WORKING DATA:
====================
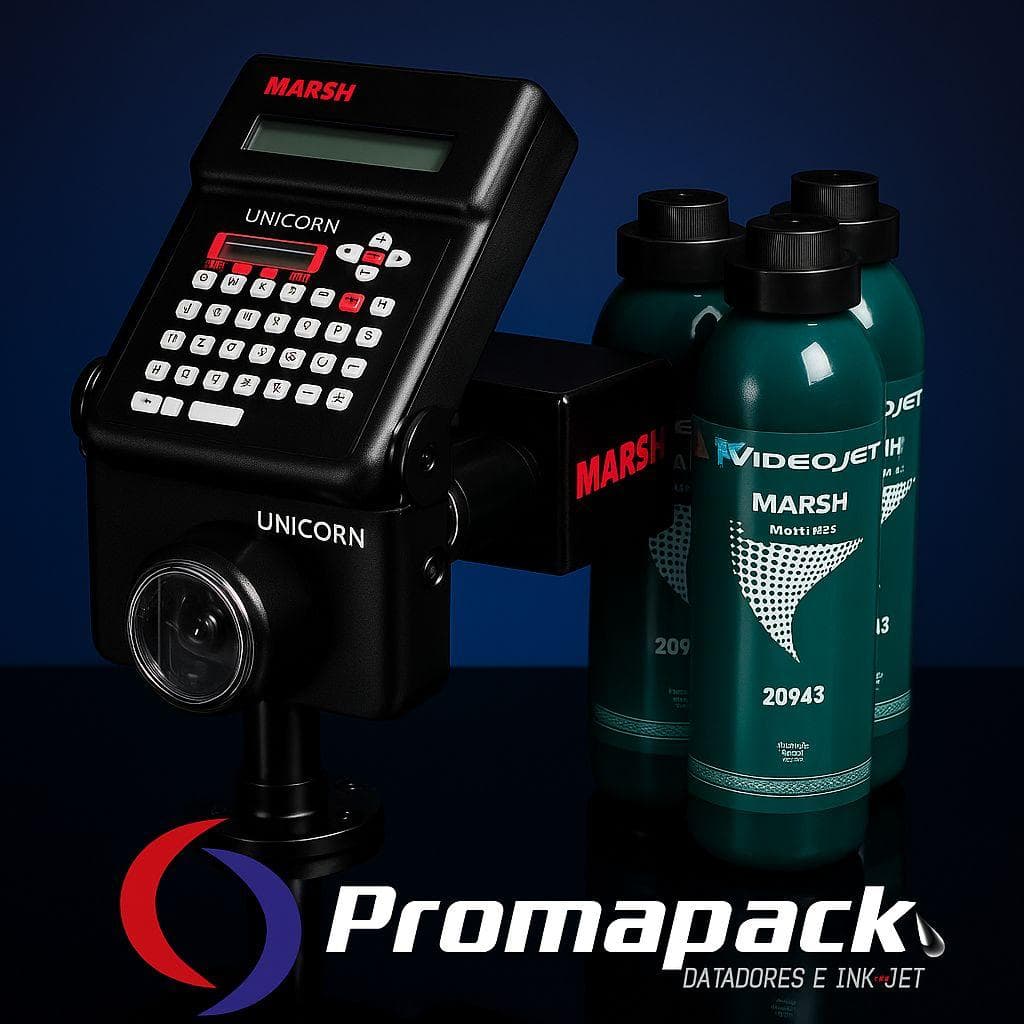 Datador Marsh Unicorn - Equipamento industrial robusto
====================
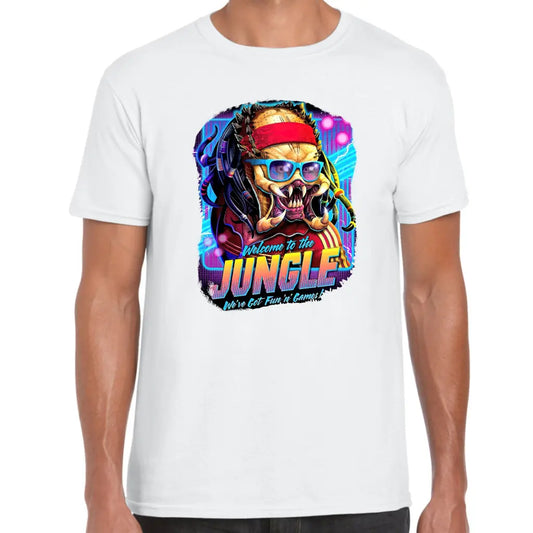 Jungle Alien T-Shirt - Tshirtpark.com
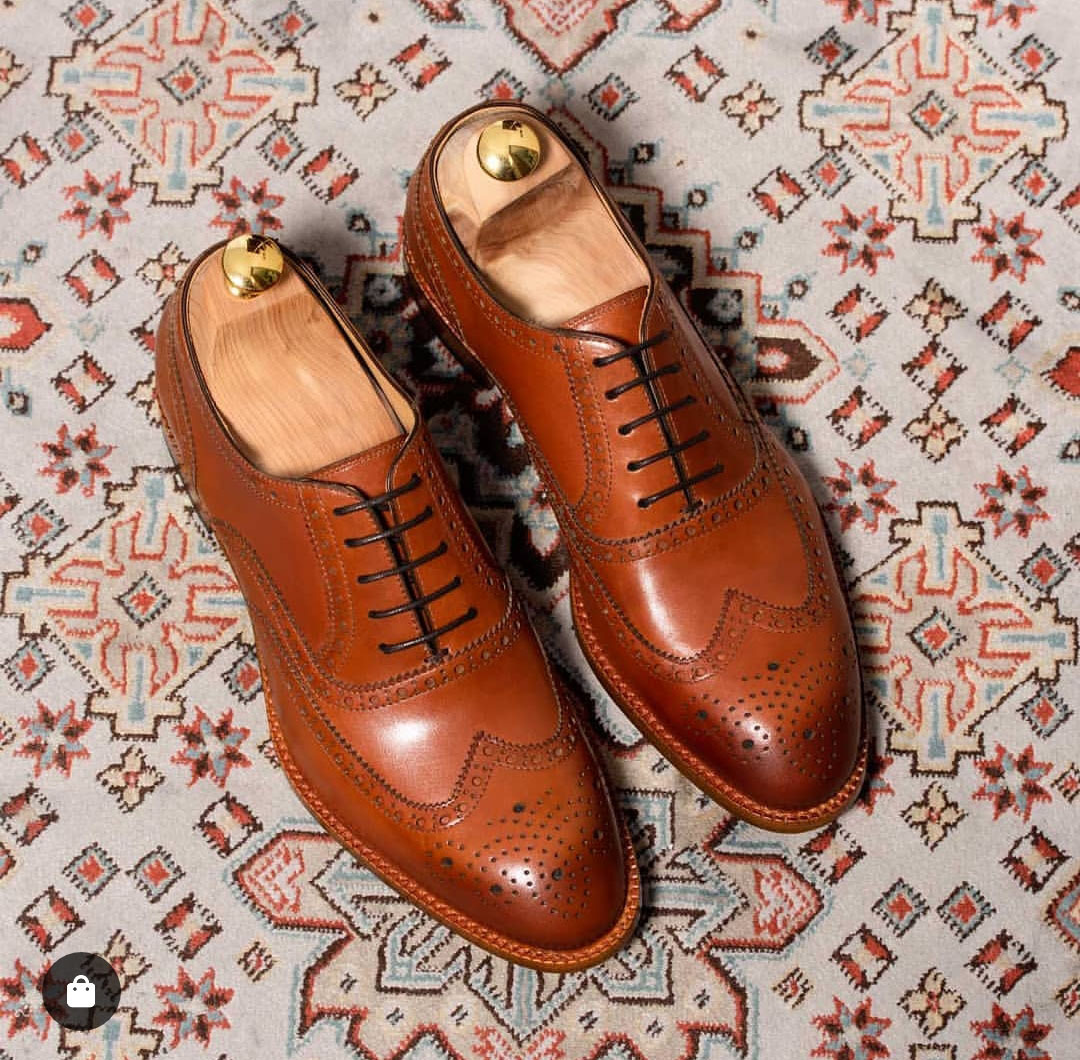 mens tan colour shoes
====================
WHAT YOU HAVE TO DO: Going by the entries above, repeat exactly the lines that start at the line with "Jungle Alien T-Shirt - Tshirtpark.com" and go on through the line with "mens tan colour shoes". Pictures are not part of the copy.

YOUR RESPONSE:
 Jungle Alien T-Shirt - Tshirtpark.com
 mens tan colour shoes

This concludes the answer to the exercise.